Kristi Finney Dunn stands next to a posterboard proclaiming her the winner of the Alice Award for transportation advocacy.

In recent years, Kristi Finney-Dunn has become a leading voice in Portland’s transportation scene. With a gripping story of personal tragedy, she’s invited to speak at public policy summits, street demonstrations and city council hearings. For local media, she’s become a go-to authority on active transport and road safety.

Others who’ve been impacted by traffic violence envy her resilience. But that’s just one side of the story. “When people see me talk, they’re seeing me at my strongest,” she assures. “They’re not seeing me at those moments when I’m curled up and burying my head and crying about it. Those moments don’t come all that frequently, but when they do come, they’re just as bad as the first few days.”

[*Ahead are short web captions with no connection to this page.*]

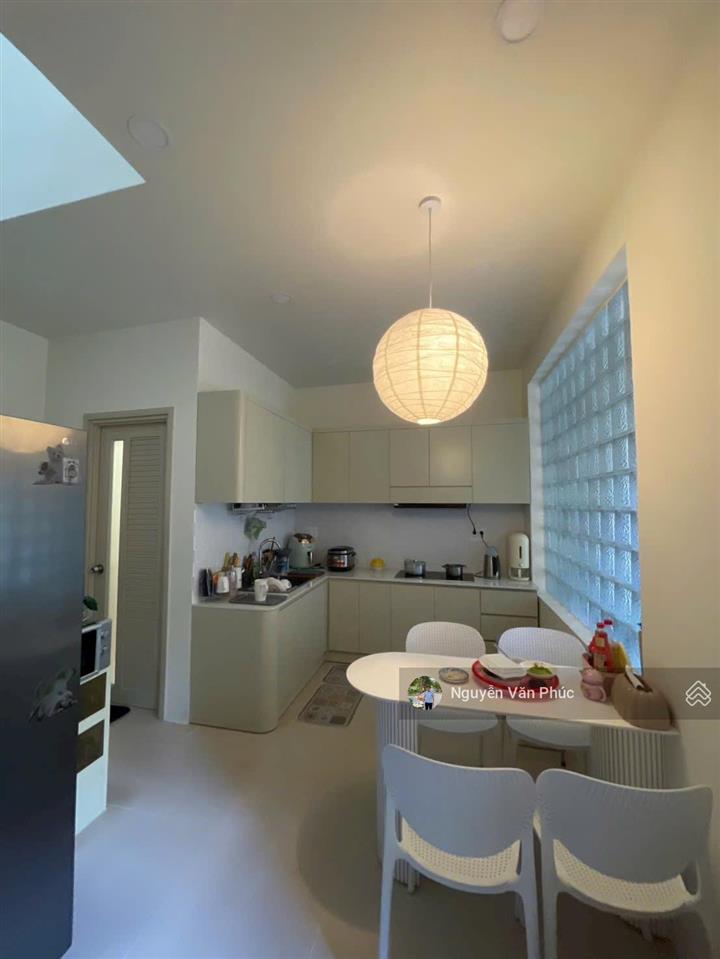 Nhà 2 tầng hxh 6m đường tô ngọc vân, ngay chợ thủ đức. dt 8m*8m=60m2 vuông vức. giá bán 6.9 tỷ tl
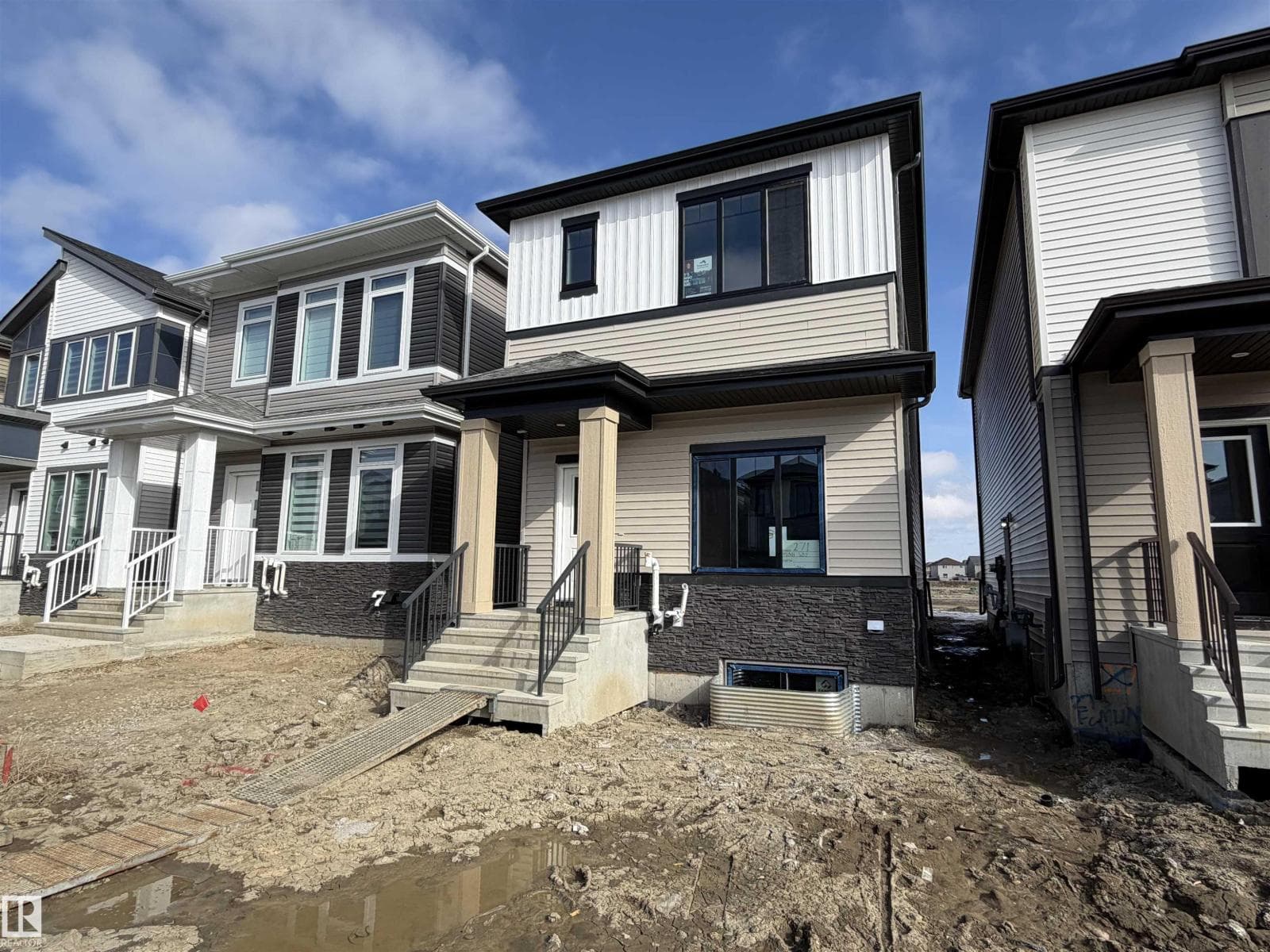 3 bed 3 bath single family at 271 Munn WY — $424,900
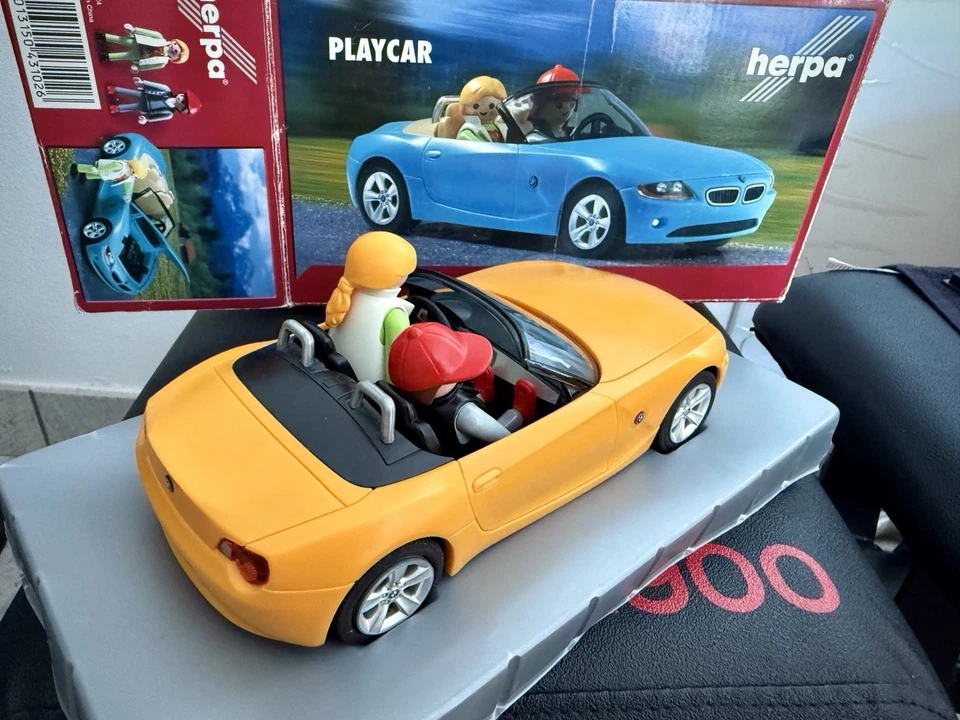 BMW Z4 HERPA 1:18 - NUOVA CON SCATOLA E PERSONAGGI - Very Rare!!! Da Collezione - Immagine 2 di 4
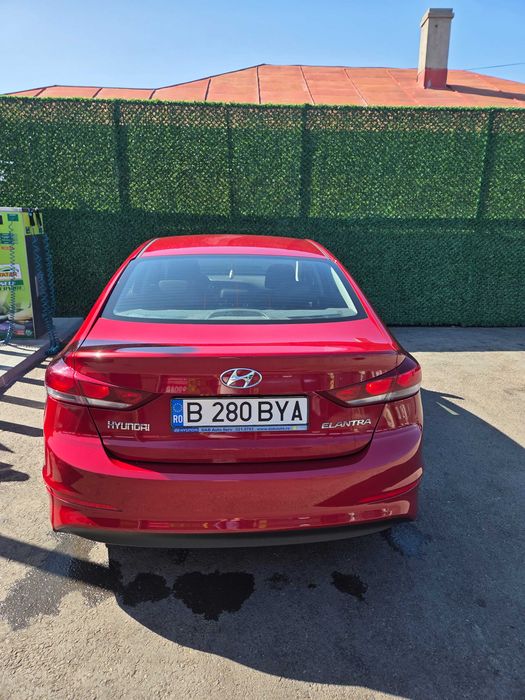 HYUNDAI Elantra 2018 — imagine 2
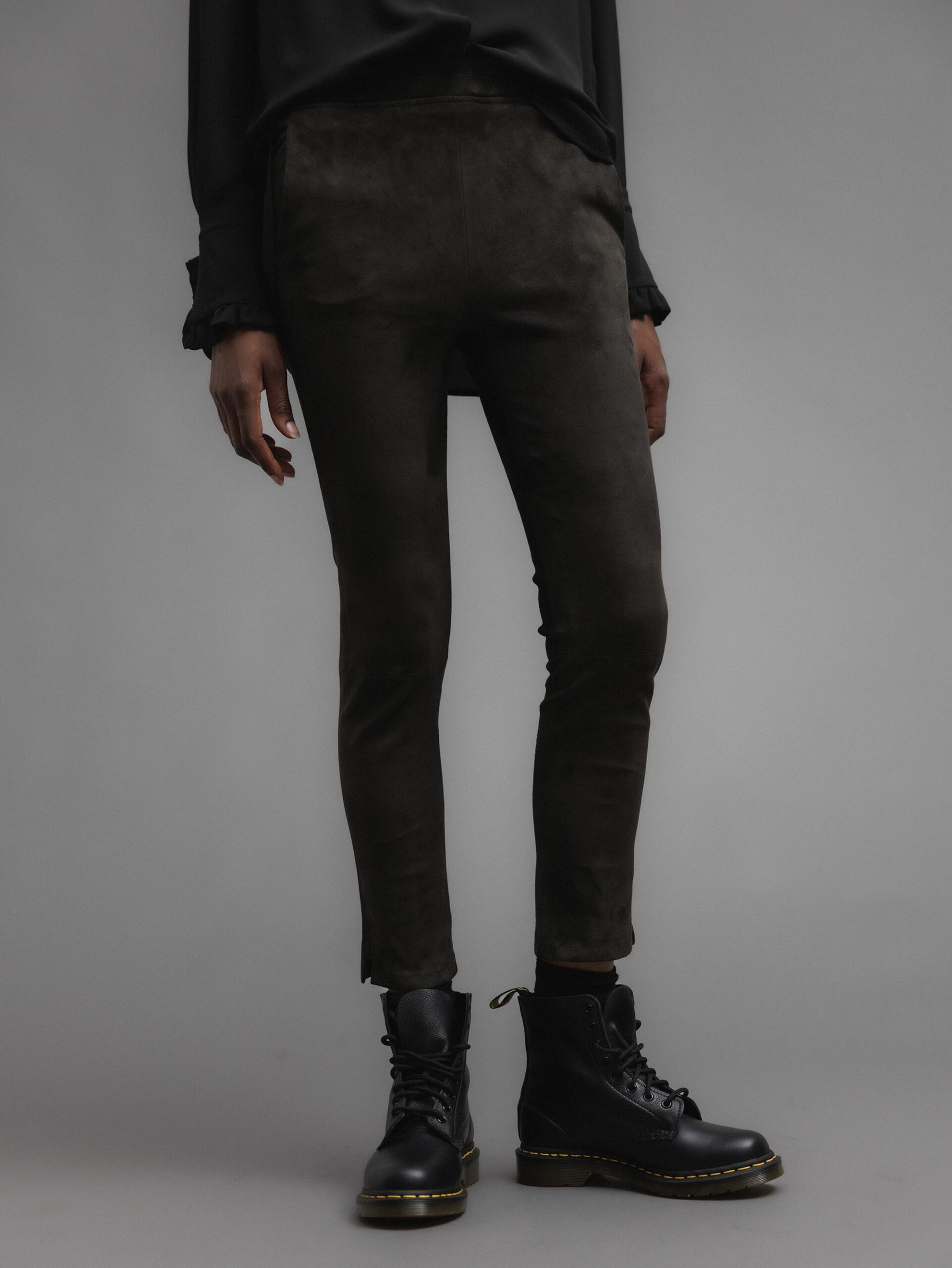 Detailansicht von Velour-Lederhose von ARMA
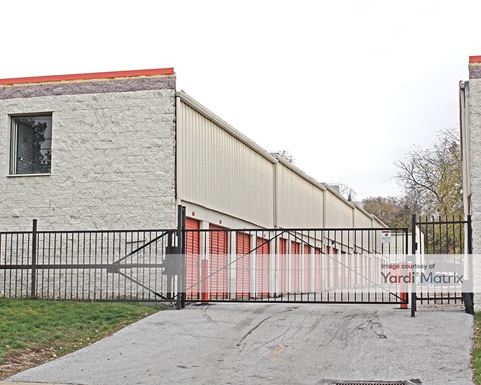 Source URL: https://cdnsc.rentcafe.com/dmslivecafe/3/1076307/1076307-1-2.jpg?width=-1&height=385&quality=80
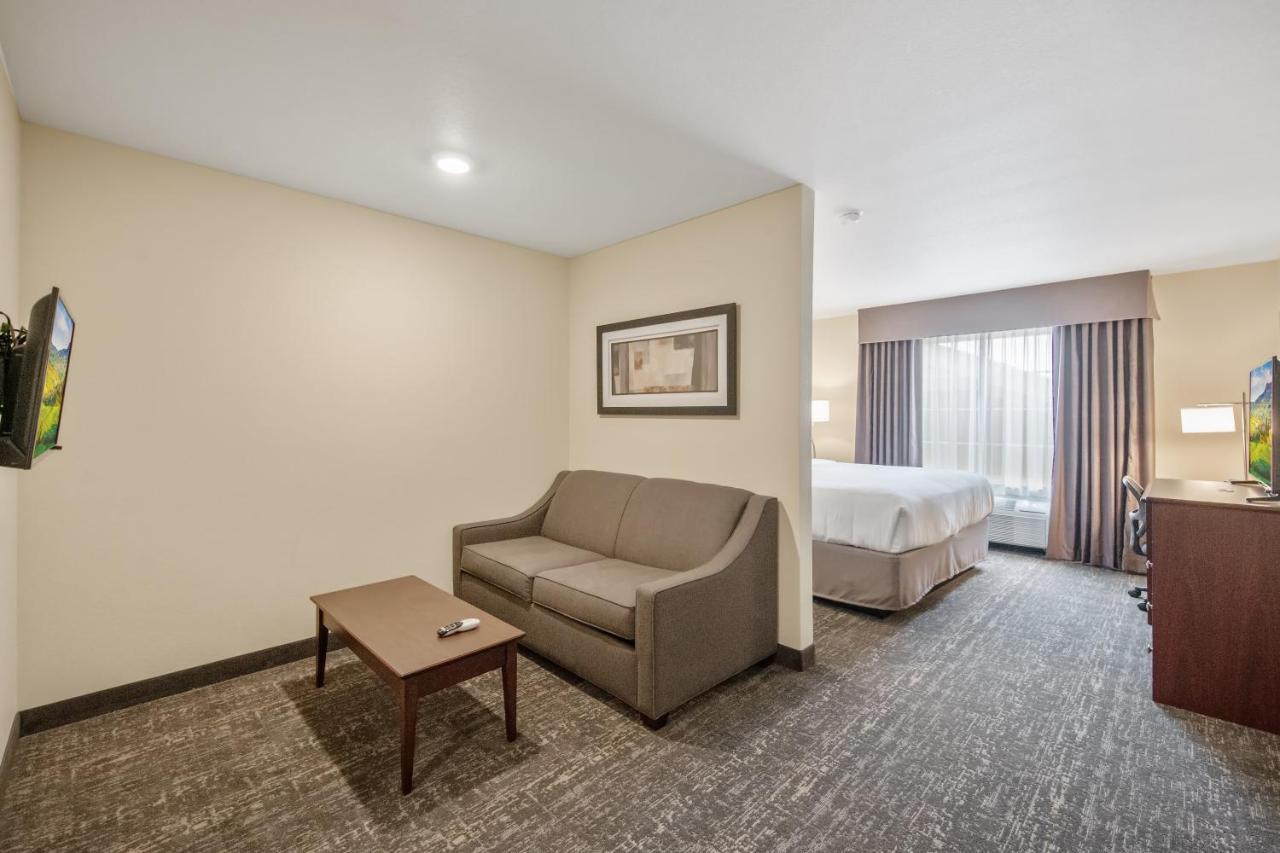 Cobblestone Hotel&Suites - Austin Extérieur photo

Kristi’s thinking back to the early morning hours of August 12, 2011, when her oldest son Dustin was struck and killed in a drunken hit-and-run in East Portland.

That night the 28-year-old was riding on SE Division near 85th Avenue when a car came up from behind, veered into the marked bike lane and struck not only Dustin but a second cyclist riding 60 feet ahead. The second rider walked away with minor injuries, but Dustin wasn’t so lucky. On impact, he flew 175 feet and died instantly of blunt-force head trauma.

The 18-year-old driver fled the scene but got less than a mile down the road before ditching his car, which sustained massive damage in the crash. Police picked him up a few blocks away and measured his blood-alcohol level at more than double the legal limit.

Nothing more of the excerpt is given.